• _Records to use_:
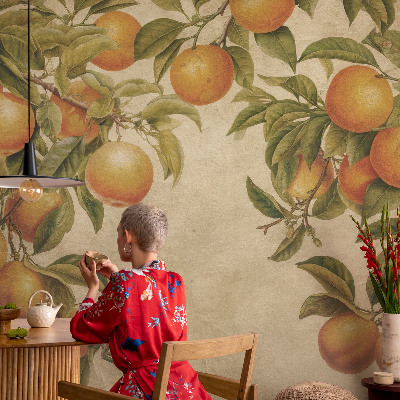 Vliesbehang fotobehang Fruittakken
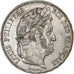Francja, Louis-Philippe, 5 Francs, 1835, Bordeaux, Srebro, AU(50-53)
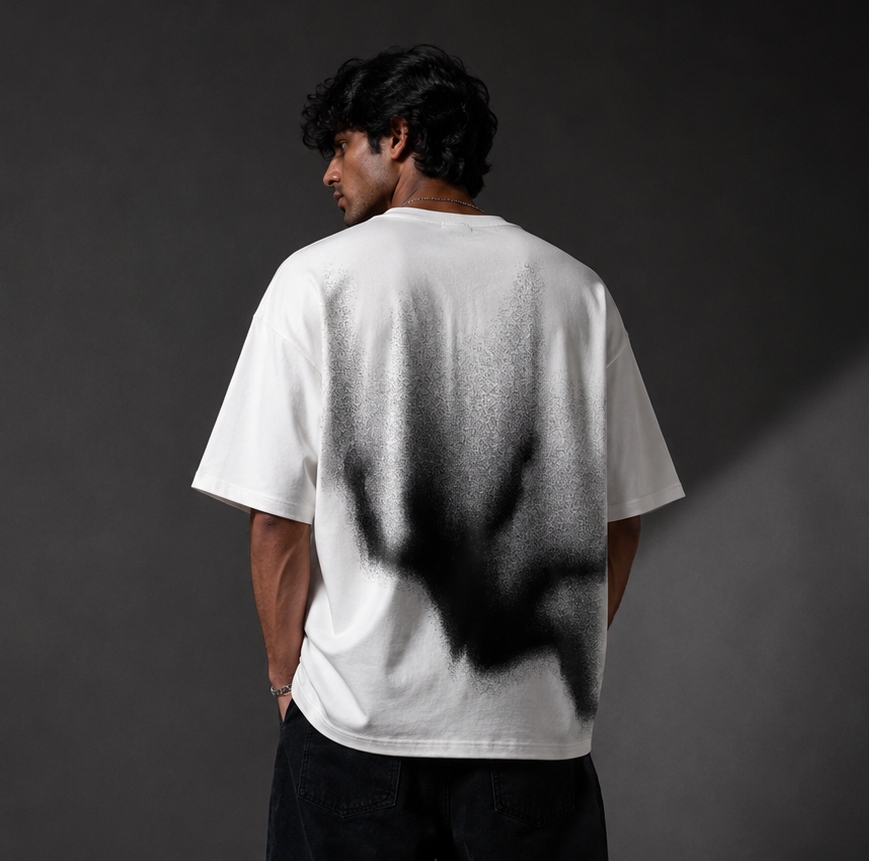 VISION™ Oversized Graphic Streetwear Tee – White Edition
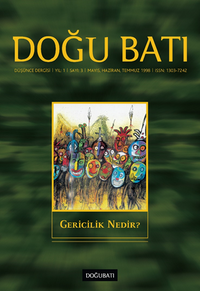 Doğu Batı Sayı: 3 Mayıs, Haziran, Temmuz 1998 (Üç Aylık Düşünce Dergisi)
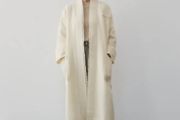 Zara Manteco Wool Ecru Robe Coat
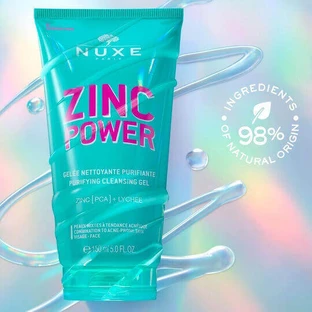 Гель для обличчя Nuxe Zinc Power для шкіри, схильної до акне 150 мл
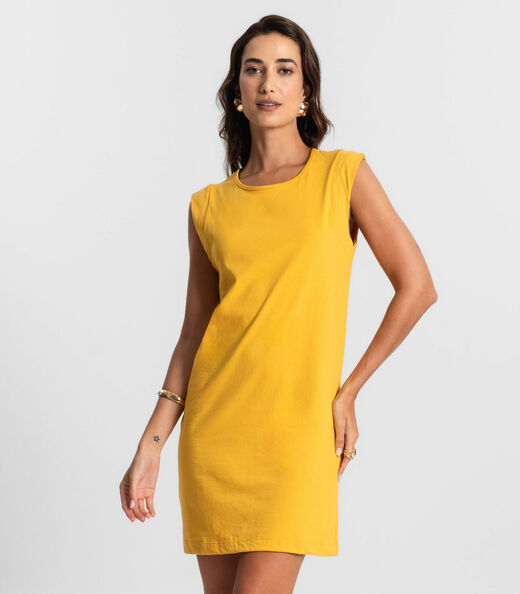 Vestido Liso Feminino Select Amarelo
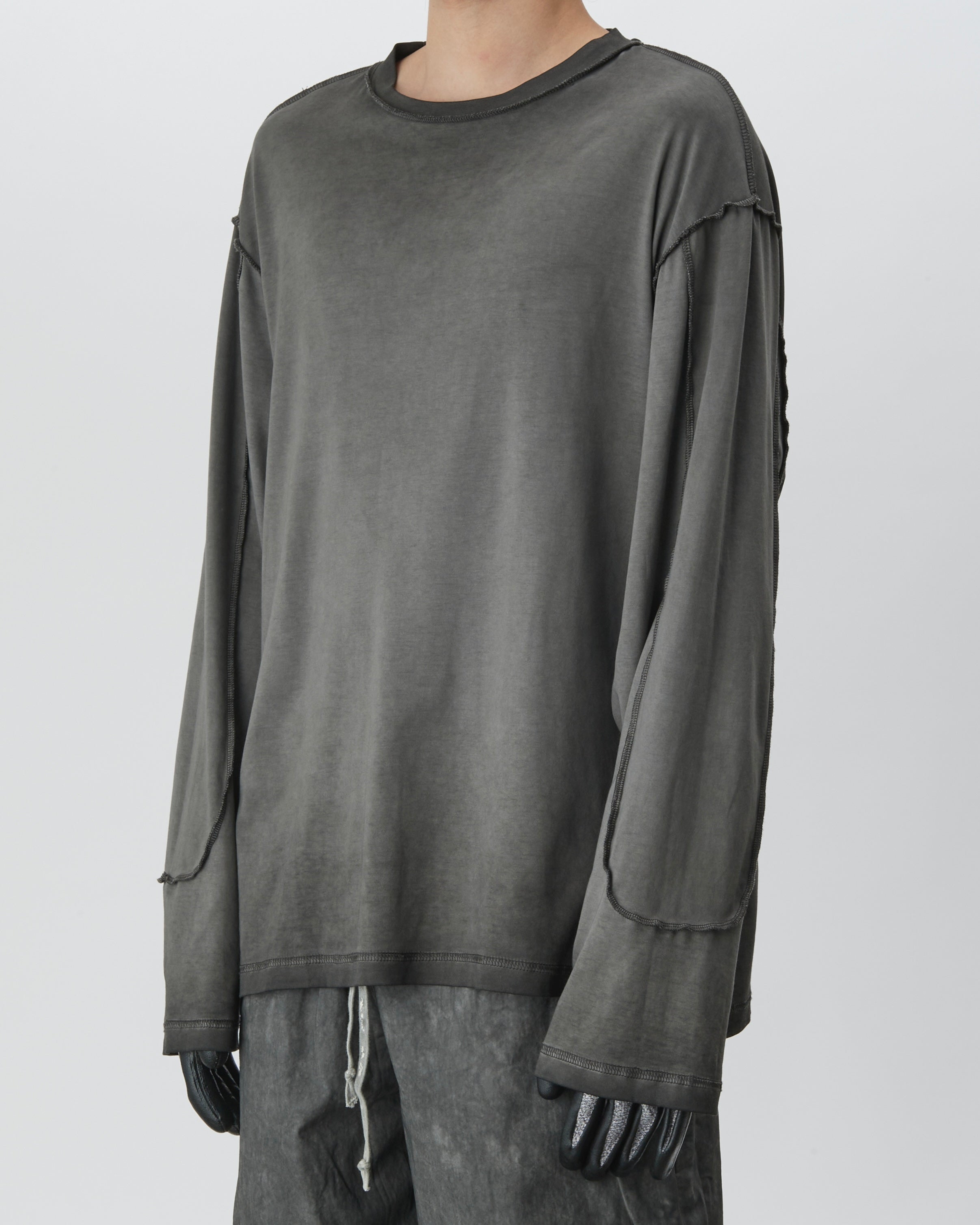 Cold Dyed Longsleeve (Reversible) (Dark Grey)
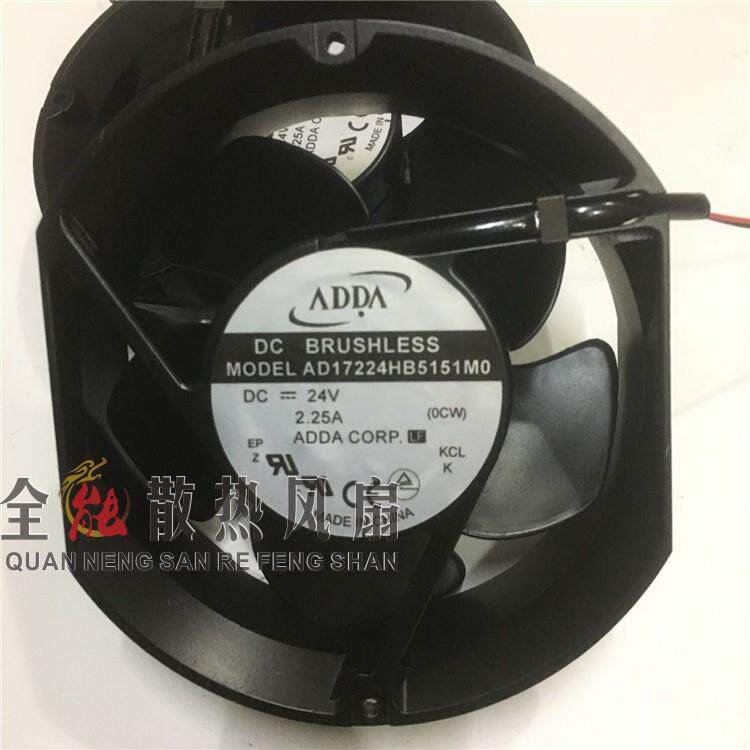 AD17224HB5151MO M0 ADDA17251 DC24V 2.25A纺织机械散热风扇17cm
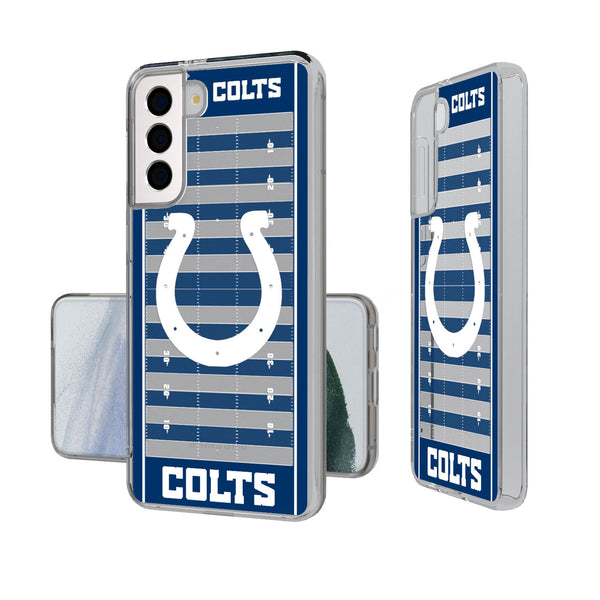 Indianapolis Colts Field Galaxy Clear Phone Case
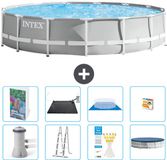 Intex Rond Prism Frame Zwembad - 457 x 107 cm - Grijs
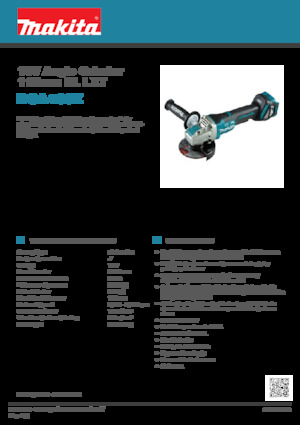 Akumulátorové úhlové brusky Makita DGA469Z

• _About this exercise_: All lines from the one containing "Vestido Liso Feminino Select Amarelo" through the final line of the entries above must be restated word for word, pictures excluded.

• _Task result_:
 Vestido Liso Feminino Select Amarelo
 Cold Dyed Longsleeve (Reversible) (Dark Grey)
 AD17224HB5151MO M0 ADDA17251 DC24V 2.25A纺织机械散热风扇17cm
 Indianapolis Colts Field Galaxy Clear Phone Case
 Intex Rond Prism Frame Zwembad - 457 x 107 cm - Grijs
 Akumulátorové úhlové brusky Makita DGA469Z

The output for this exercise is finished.